A Student's Guide to Software Engineering Tools & Techniques »

Introduction to Computer Vision (CV)

Authors: Nguyen Quoc Bao

What is Computer Vision?

Computer vision (CV) is a field of study of computer science concerning with the theories and technologies in building computer systems that can derive useful information from visual data. CV is a prominent field of study nowadays as it allows computers to autonomously solve problems that otherwise require human sight.[1] One notable example of such problems can be seen in smart traffic cameras that can extract car plates information from video feeds, a task that without computer vision would require a human to view the feeds and manually enter the cars' license numbers.[14]

In computer vision, an image is represented by a number matrix, or a set of matrices, with each number in the matrix corresponds to the color value or intensity value of a pixel in the image.[2] With this representation, linear algebra can be exploited for many CV operations from the most basic like transformation to very complex like feature extraction and motion tracking.

Additionally, with deep learning, a lot of new applications of computer vision have been introduced, including facial recognition, and object detection that is widely used in self-driving cars.[3]

Applications of Computer Vision

Many systems and applications rely on computer vision, as they work extensively with image and video input for:

  • Navigation, e.g. autonomous cars to keep track of the road, detect pedestrians, and avoid collision with other vehicles.[3]
  • Facial Detection, e.g. smartphones' camera software to focus on faces.[4]
  • Visual Surveillance, e.g. detecting movements in security footage.[4]
  • Automatic Inspection, e.g. measuring structures, modelling environment.[4]
  • Searching, e.g. image search engines.[5]

Typical Computer Vision Tasks

For a typical computer vision system, the tasks it aims to perform may include, but are not limited to, the following:[6]

  • Geometric Image Transformation
  • Image Filtering
  • Image Classification
  • Structural Analysis and Shape Descripting
  • Feature Detection
  • Object Detection
  • Object Localization
  • Object Tracking

Core Problems in Computer Vision

Most problems requiring computer vision can be boiled down to one or a combination of the following core problems: image transformation, classification, localization, detection, and tracking.[6]

This section introduces some of those core problems, and cites working examples for demonstration purposes.
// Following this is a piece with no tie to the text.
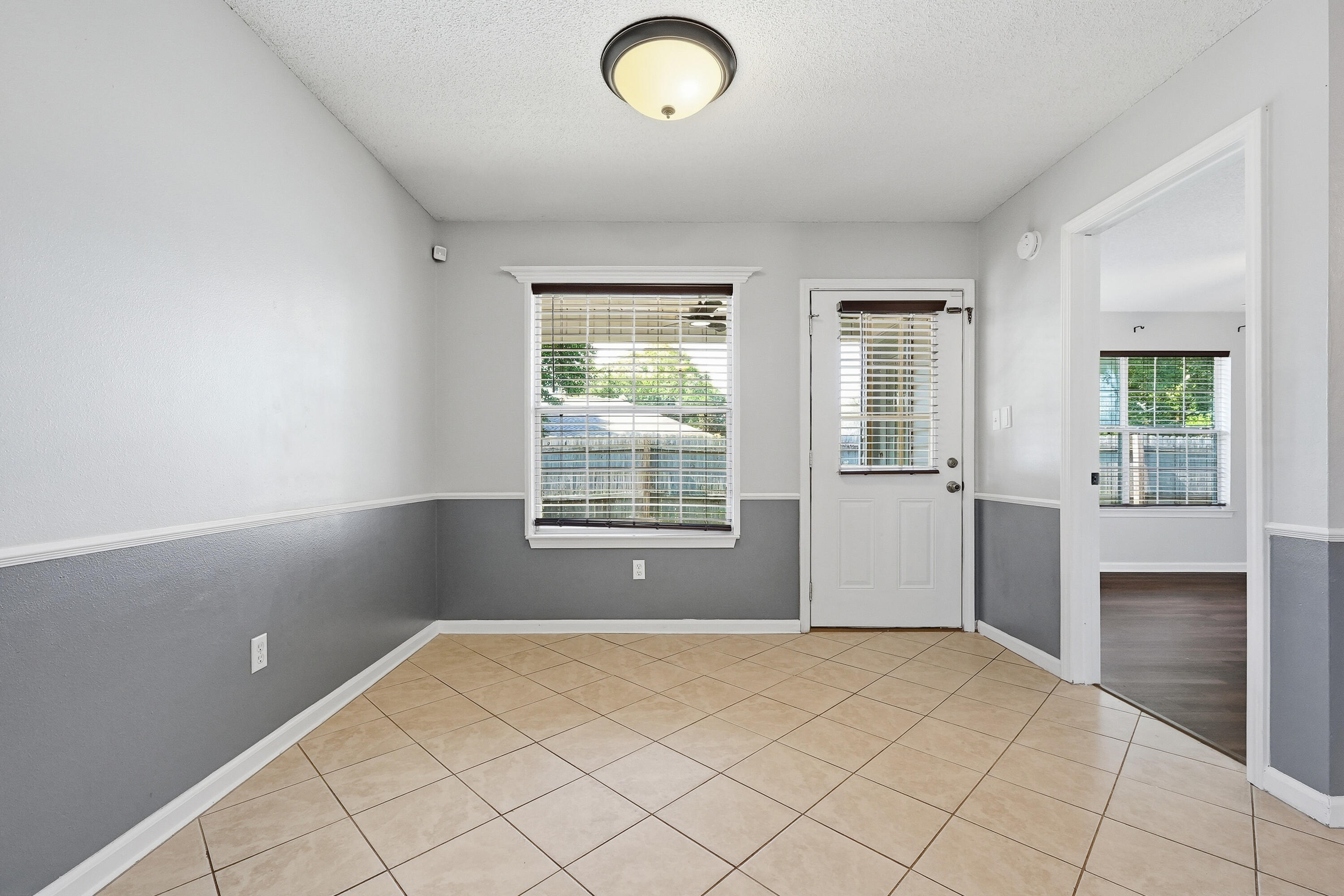 CEDAR HEIGHTS S/D - Residential Lease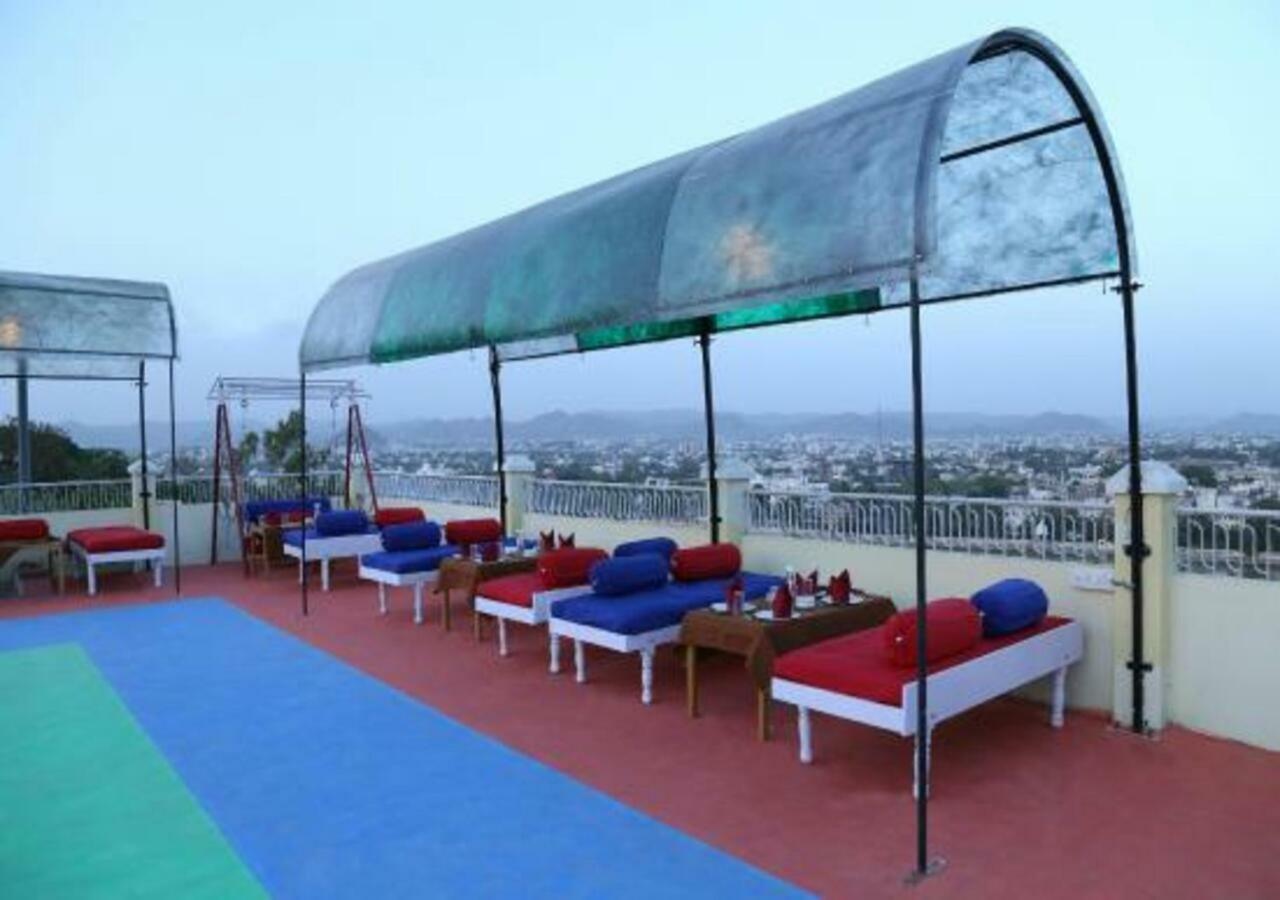 Hotel Ambavgarh Palace Удайпур Екстериор снимка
The examples use Open Source Computer Vision library (OpenCV) - containing implemented algorithm packages and utility functions for building computer vision applications. It is freely distributed and licensed for both academic and commercial use. The code examples cited in this section are written in Python, but OpenCV has API supports for C++ and Java as well.

Image Transformations

In many applications, image transformation is often the first step that standardizes the input and allows the application to subsequently perform more complex analysis.

Affine Transformation

The most common transformations are scaling - resizing of image, translation - shifting of selected zones in image, rotation of image for an angle, and affine transformation - a combination of scaling, rotating, and translation, that reserves parallel lines in the original image.[7]

Example: Perspective Warping using OpenCV

This example is extracted from "Building a Pokedex in Python: OpenCV and Perspective Warping" tutorial originally published on PyImageSearch on May 5, 2014. Refer to original tutorial here. All pictures and code snippets in this example belong to its original author, Adrian Rosebrock.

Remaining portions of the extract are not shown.